Attributes: embedding_model (BaseEmbedding): Embedding model used to generate vector embeddings. storage (BaseVectorStorage): Vector storage to query. unstructured_modules (UnstructuredIO): A module for parsing files and URLs and chunking content based on specified parameters.
init
Initializes the retriever class with an optional embedding model.
Parameters:
- embedding_model (Optional[BaseEmbedding]): The embedding model instance. Defaults to
OpenAIEmbedding
if not provided. - storage (BaseVectorStorage): Vector storage to query.
process
Processes content from local file path, remote URL, string
content, Element object, or a binary file object, divides it into
chunks by using Unstructured IO
, and stores their embeddings in the
specified vector storage.
Parameters:
- content (Union[str, Element, IO[bytes]]): Local file path, remote URL, string content, Element object, or a binary file object.
- chunk_type (str): Type of chunking going to apply. Defaults to “chunk_by_title”.

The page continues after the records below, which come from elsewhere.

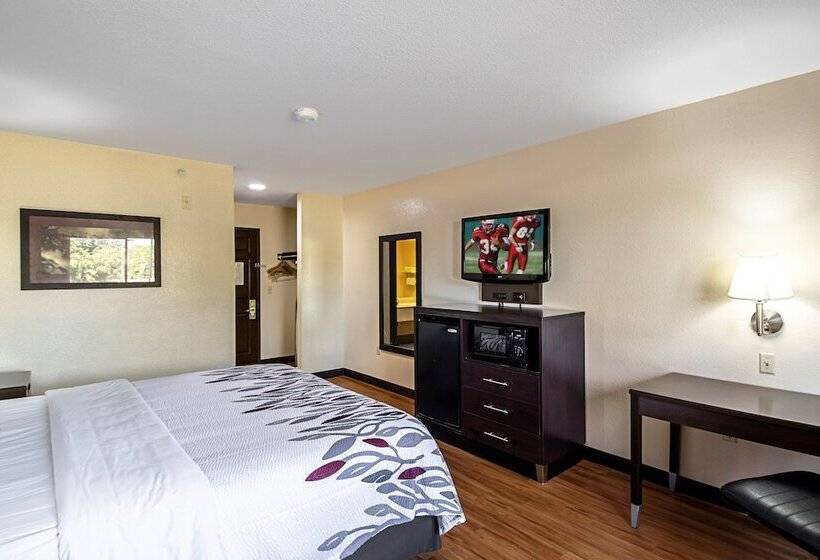 חדר דלוקס, Red Roof Inn San Marcos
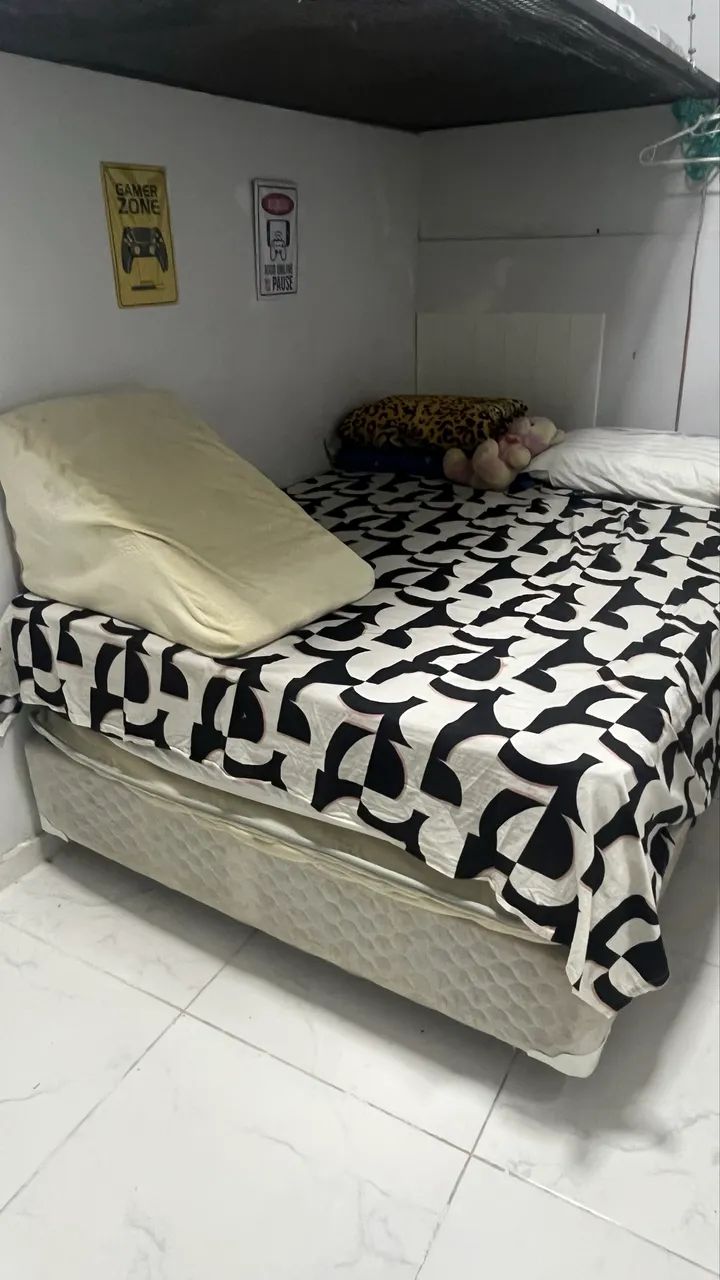 CAMA BOX CASAL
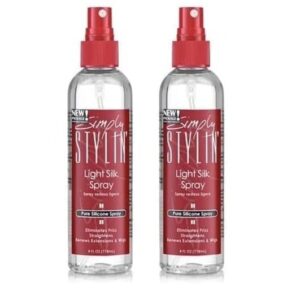 Humidity-resistant hair spray.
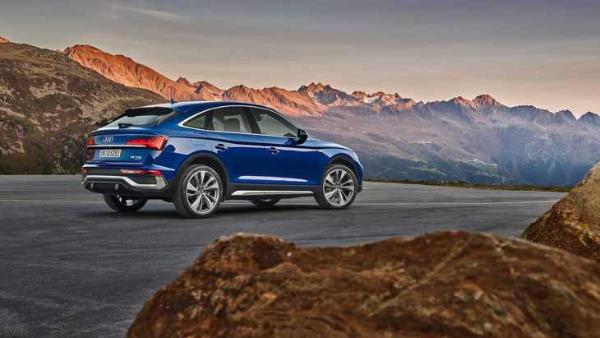 奥迪Q5 Sportback售价公布 4.78万美元起售 对标宝马X4
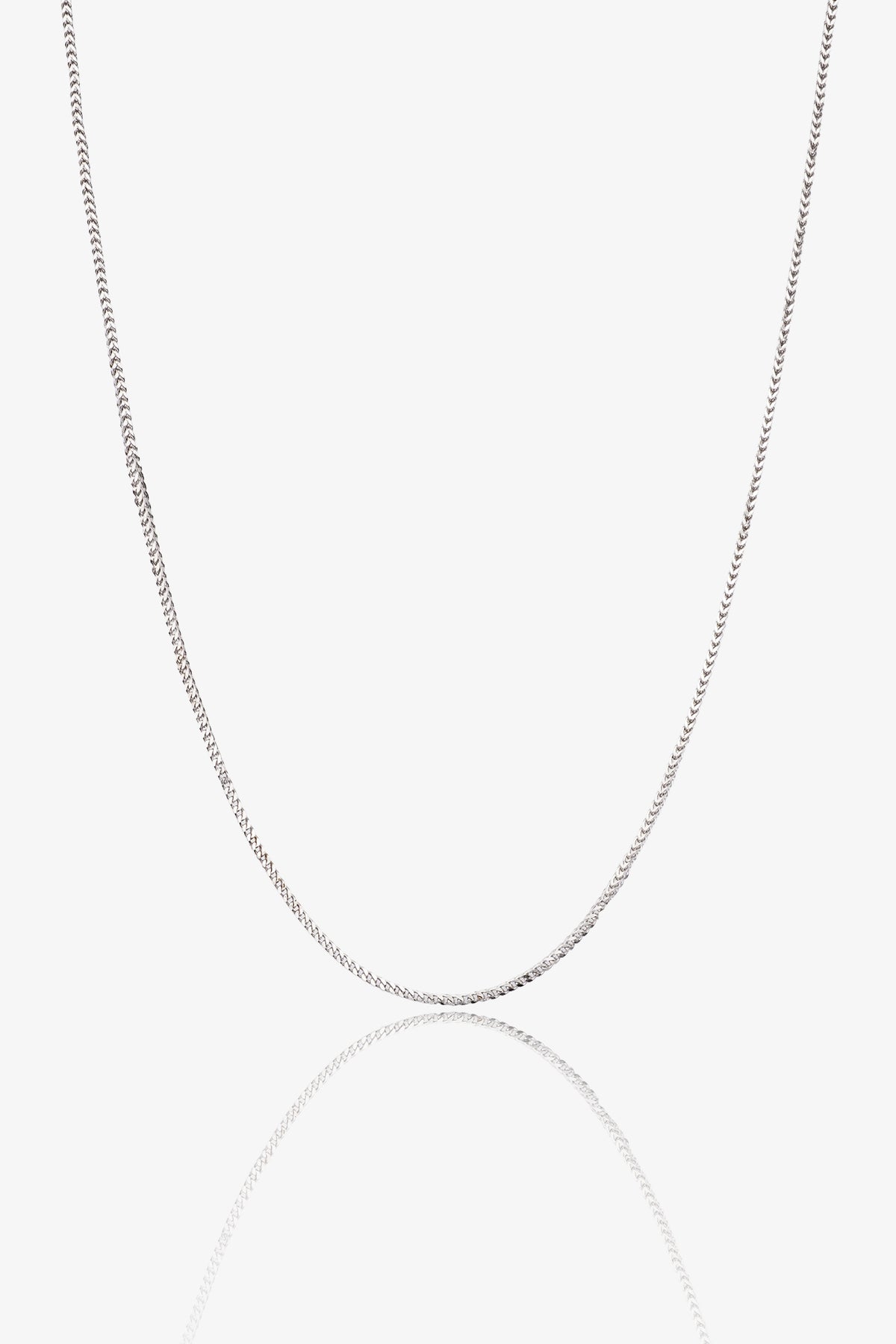 Herringbone Çelik Kolye
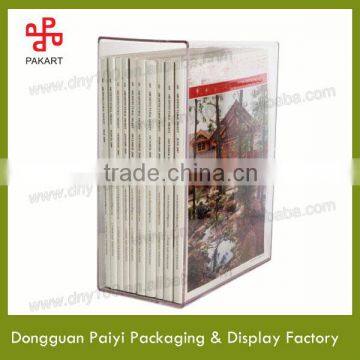 Clear transparent multi-founctional acrylic box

- max_characters (int): Max number of characters in each chunk. Defaults to
500
. - embed_batch (int): Size of batch for embeddings. Defaults to
50
. (default: 50) - should_chunk (bool): If True, divide the content into chunks, otherwise skip chunking. Defaults to True.
- extra_info (Optional[dict]): Extra information to be added to the payload. Defaults to None.
- metadata_filename (Optional[str]): The metadata filename to be used for storing metadata. Defaults to None. **kwargs (Any): Additional keyword arguments for content parsing.
query
Executes a query in vector storage and compiles the retrieved results into a dictionary.
Parameters:
- query (str): Query string for information retriever.
- similarity_threshold (float, optional): The similarity threshold for filtering results. Defaults to
DEFAULT_SIMILARITY_THRESHOLD
. - top_k (int, optional): The number of top results to return during retriever. Must be a positive integer. Defaults to
DEFAULT_TOP_K_RESULTS
.
Returns:
List[Dict[str, Any]]: Concatenated list of the query results.